It's 50 years later. Fifty years after the assassination of John F. Kennedy. Fifty years after the rise of Martin Luther King Jr. Fifty years after the death of John XXIII, writes Joan Chittister.
- NCR Online
Fifty years, that is, after a chorus of clarion calls for peace in foreign affairs, for equality in diversity, and for social justice as the essence of the faith. It is 50 years after three of the clearest, greatest calls for spiritual conversion in the history of the country.
Indeed, we have lived in an era of spiritual giants. And what do we have to show for it? Where are we now? In his commencement speech at American University on June 10, 1963, Kennedy called for the most soul-changing conversion of heart at the height of the Cold War that the world had ever seen.
He had the effrontery to call for peace and collaboration with the Soviet Union in a country sick of soul from its fear of communism. Even then, the military budget of the United States had long before begun to sap American resources to the point of our own social ruination.
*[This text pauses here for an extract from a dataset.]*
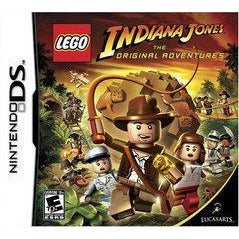 LEGO Indiana Jones The Original Adventures - Nintendo DS - Premium Video Games - Just $5.99! Shop now at Retro Gaming of Denver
We need to understand, he said to the young people of that era, that our own attitudes toward the meaning of peace in a newly global world is every bit as important as Russia's.
In a society long taught to hate and fear, to reject and resist the presence of communist Russia in the community of nations, he called these leaders of the next generation to remember the valor and suffering, the strength and creativity, the courage and undying commitment of the Russian people themselves in the face of their overwhelming losses in World War II.